OMG i'm so happy with the way it turned out!!! :hello1:


----------



## pigeonsheep (Nov 8, 2008)

OMGGGGGGG! so cute! that's gonna look adorable on mousse <3 cant wait to see how it looks on him!!! :albino:


----------



## I<3Gizmo (Feb 12, 2009)

Me too!!!!! I hope it fits him when he comes home haha


----------



## pigeonsheep (Nov 8, 2008)

I<3Gizmo said:


> Me too!!!!! I hope it fits him when he comes home haha


lol well if it doesnt u can just make another one just as cute! or u can wait for him to grow into it :hello1:


----------



## I<3Gizmo (Feb 12, 2009)

Good plan!!


----------



## miasowner (Jun 3, 2009)

I like the color, very cute.  I wish I could make something like that.


----------



## chloeschihuahau (Feb 7, 2010)

awh so cute. my friends mum knitted a pink jumper for pixie, its really nice. alot like yours. i really like it


----------



## snazzychi (Jan 19, 2010)

how sweet! i had a black and blue stripy one for william when he was little, it fitted him when he weighed just over a pound! now my daughter uses it for her teddy! xx


----------



## TinyGiant (Jan 20, 2010)

I love it!
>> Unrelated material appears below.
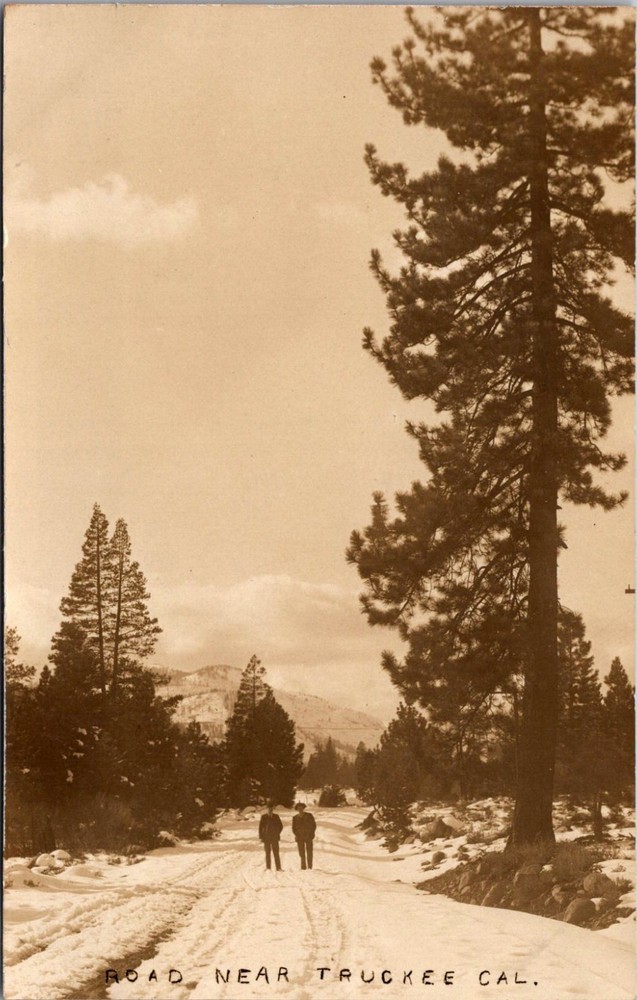 RPPC, Road Near Truckee CA Real Photo Vintage Postcard V05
Is it your own pattern? If not, which pattern did you use?


----------



## QUIGLEY'S MOM (Jan 12, 2010)

OMG! How cute. You did a great job!


----------



## Cambrea (Feb 21, 2010)

That is so cute! They never have sweaters that small in stores, baby chi's are so hard to fit.


----------



## MChis (Oct 13, 2009)

That is cute!!!


----------



## *Princess* (Feb 7, 2009)

good job!! x


----------



## I<3Gizmo (Feb 12, 2009)

Thanks guys!! 

Gail, here's the link
http://autumnblossomknits.wordpress.com/2009/01/26/2-lb-cabled-dog-sweater/


----------



## Bella Luna (Jan 15, 2010)

WOW!! That's awesome! I wish I was that talented!!! Haha


----------



## TLI (Sep 3, 2008)

You did an awesome job!!!! Such talent!


----------



## I<3Gizmo (Feb 12, 2009)

thanks for all the positive feed back!! Ladies knitting isnt that hard!! I taught myself in 10th grade, and now there are several videos on youtube that teach you how to do it!! I say give it a go!


----------



## Jerry'sMom (May 5, 2009)

Wow, what an incredibly cute little sweater! You are so clever!
Good for you.


----------



## Ivy's mom (Feb 15, 2008)

Very cute!!!! I haven't knitted much since my girls were little, I use to knit sweater for them. Looks like a fun one to try. Great job!!!

Lori


----------



## Cambrea (Feb 21, 2010)

They have little kits at the store you can get to learn knitting too, with a book and needles. I got one, but the videos were much more helpful.


----------



## I<3Gizmo (Feb 12, 2009)

thanks everyone!


----------